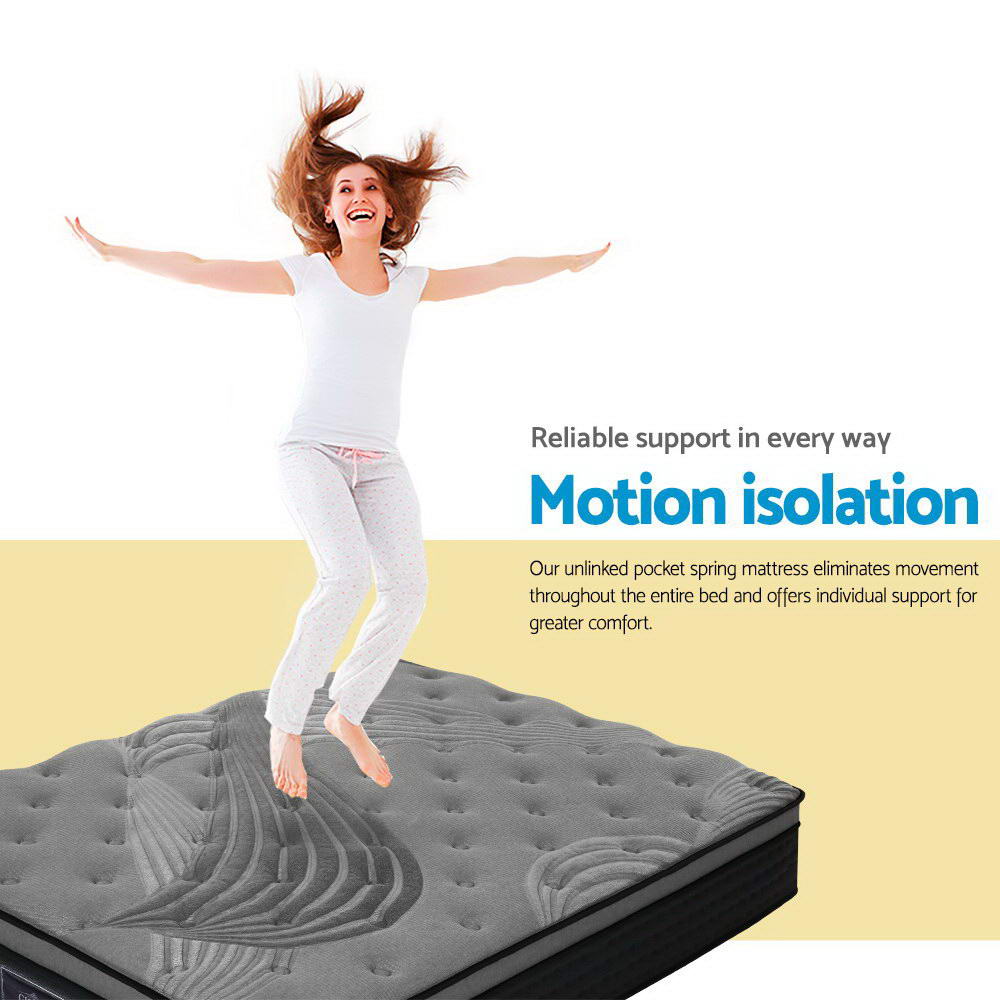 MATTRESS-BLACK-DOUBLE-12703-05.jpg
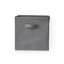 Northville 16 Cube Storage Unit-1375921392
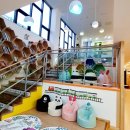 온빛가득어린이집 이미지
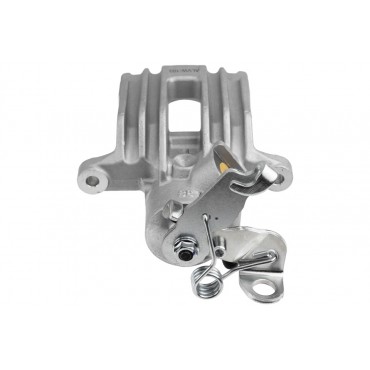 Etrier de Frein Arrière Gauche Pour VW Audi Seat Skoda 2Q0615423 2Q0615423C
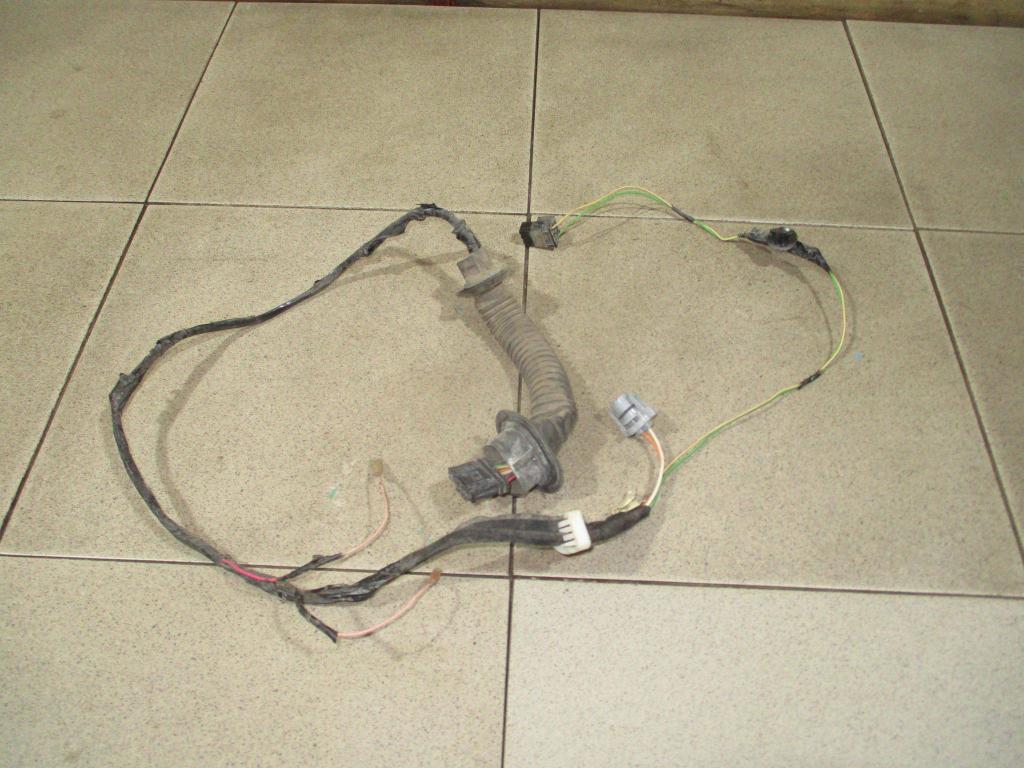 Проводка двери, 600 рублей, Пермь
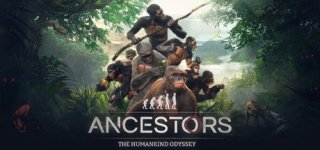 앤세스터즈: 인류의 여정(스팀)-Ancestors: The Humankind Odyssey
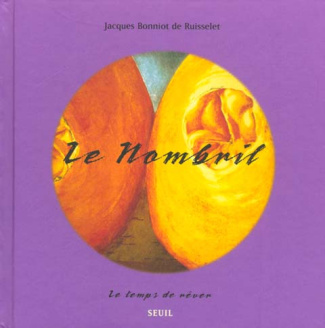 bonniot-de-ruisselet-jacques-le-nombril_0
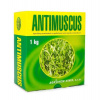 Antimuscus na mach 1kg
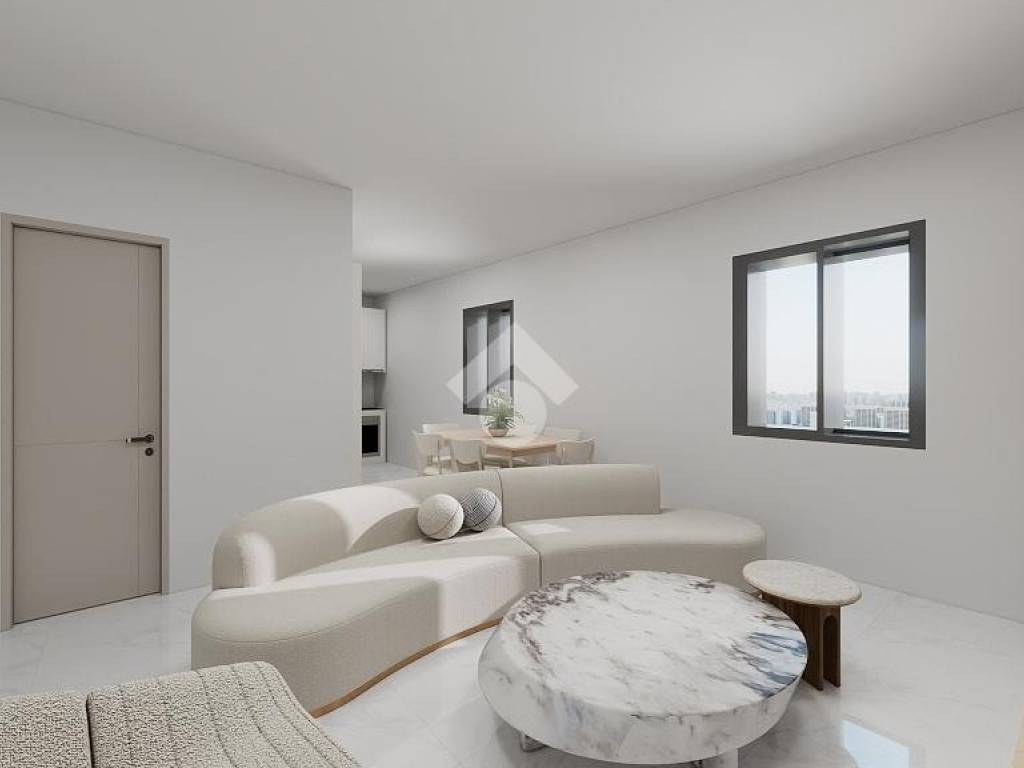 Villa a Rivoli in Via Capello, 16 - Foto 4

_ASSIGNMENT_
From the line containing "bonniot-de-ruisselet-jacques-le-nombril_0" through the final line of the listing above, reproduce every line exactly, with no pictures.

_ANSWER SECTION_
 bonniot-de-ruisselet-jacques-le-nombril_0
 Antimuscus na mach 1kg
 Villa a Rivoli in Via Capello, 16 - Foto 4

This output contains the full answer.